### WORK REQUIRED
Locate the line that contains "17297 Lassen Ave, Anderson, CA" in the entries below, then repeat it and every following line through the line that contains "2 Victoria's Secret Dream Angel's Bras 32C", exactly, and no others.

### RECORDS FOR PROCESSING
---------------

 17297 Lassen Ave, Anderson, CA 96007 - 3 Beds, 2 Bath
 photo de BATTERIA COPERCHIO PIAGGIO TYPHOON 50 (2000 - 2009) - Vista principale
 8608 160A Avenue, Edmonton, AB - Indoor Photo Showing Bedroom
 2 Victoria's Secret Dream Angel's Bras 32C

---------------

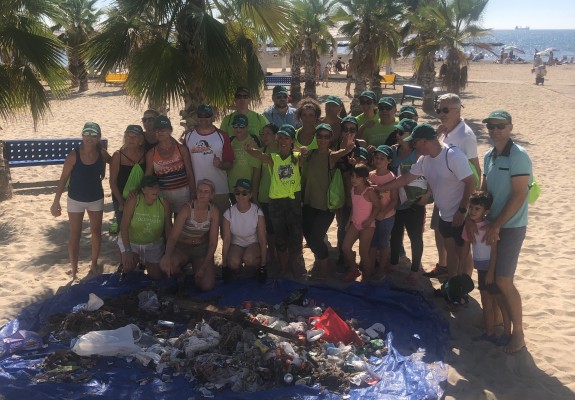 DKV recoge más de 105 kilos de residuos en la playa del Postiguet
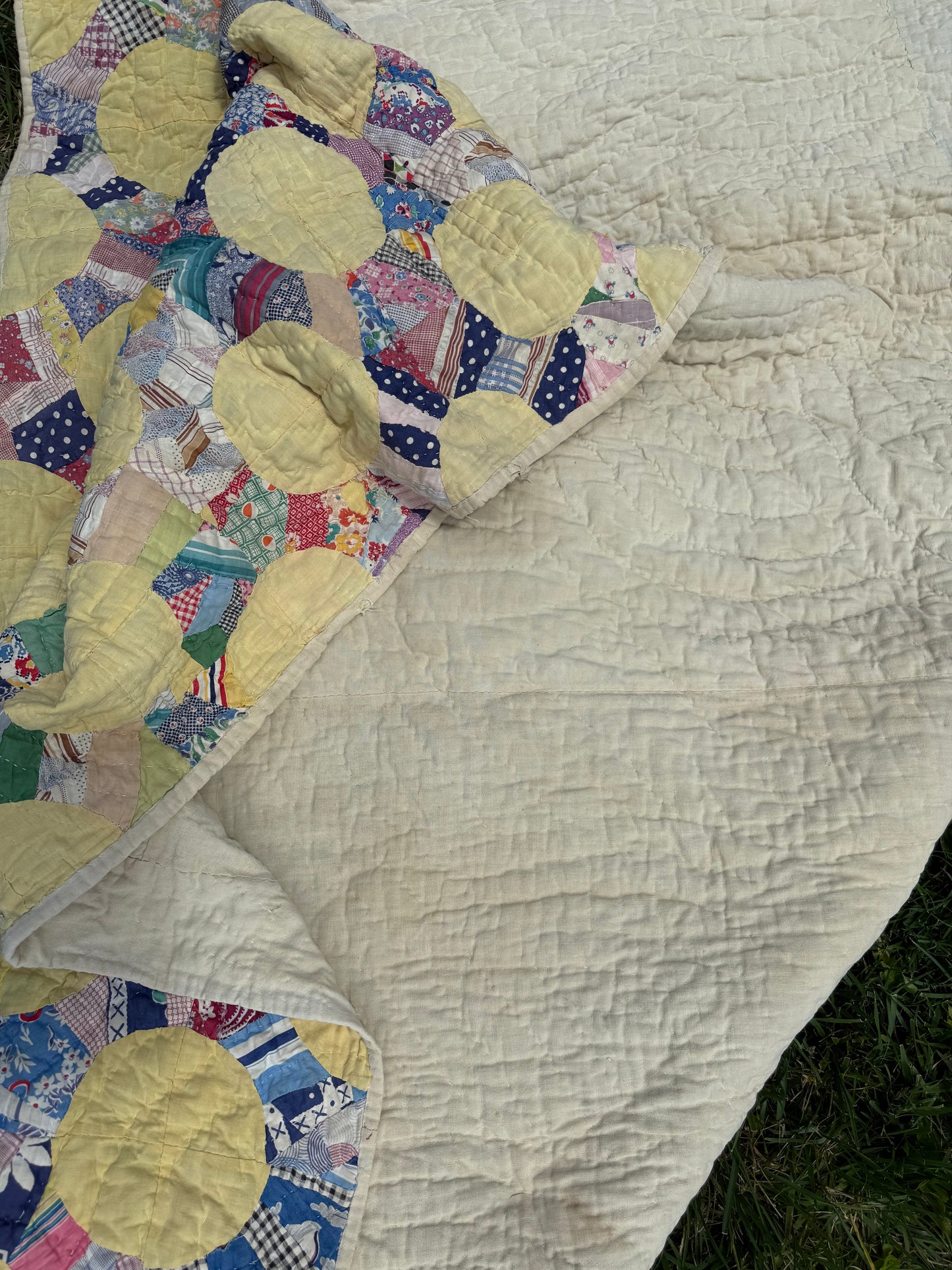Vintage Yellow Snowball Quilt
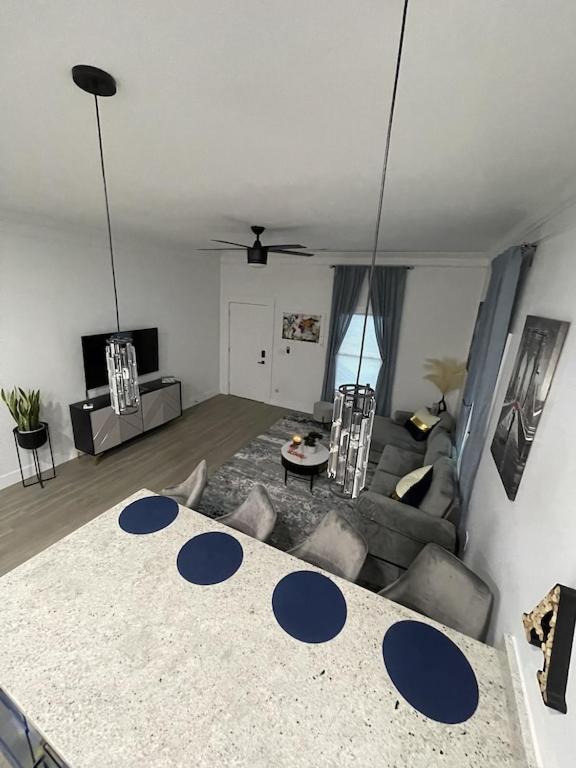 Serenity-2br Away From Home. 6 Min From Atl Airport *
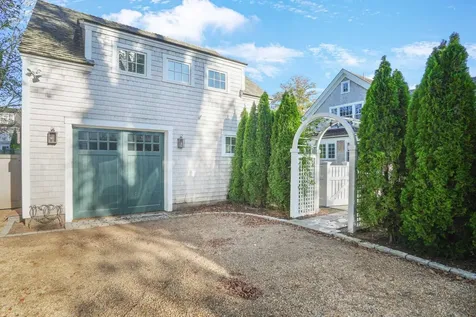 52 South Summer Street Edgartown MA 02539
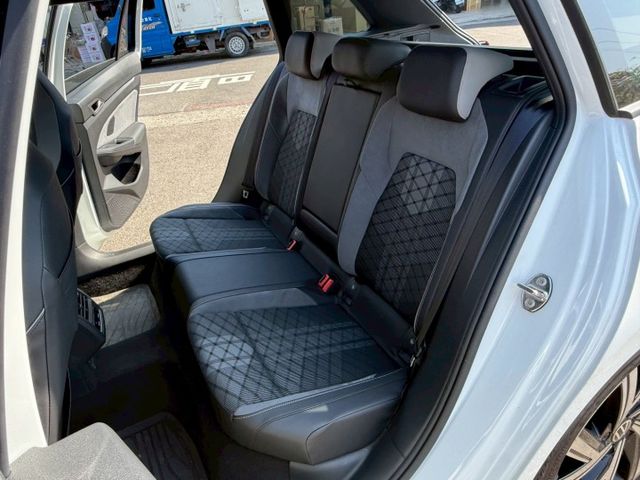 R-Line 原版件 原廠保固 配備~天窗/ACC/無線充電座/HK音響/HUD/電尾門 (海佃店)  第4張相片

---------------

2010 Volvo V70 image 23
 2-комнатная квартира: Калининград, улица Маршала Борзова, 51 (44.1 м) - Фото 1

---------------

### SOLUTION TO THE PROBLEM
 17297 Lassen Ave, Anderson, CA 96007 - 3 Beds, 2 Bath
 photo de BATTERIA COPERCHIO PIAGGIO TYPHOON 50 (2000 - 2009) - Vista principale
 8608 160A Avenue, Edmonton, AB - Indoor Photo Showing Bedroom
 2 Victoria's Secret Dream Angel's Bras 32C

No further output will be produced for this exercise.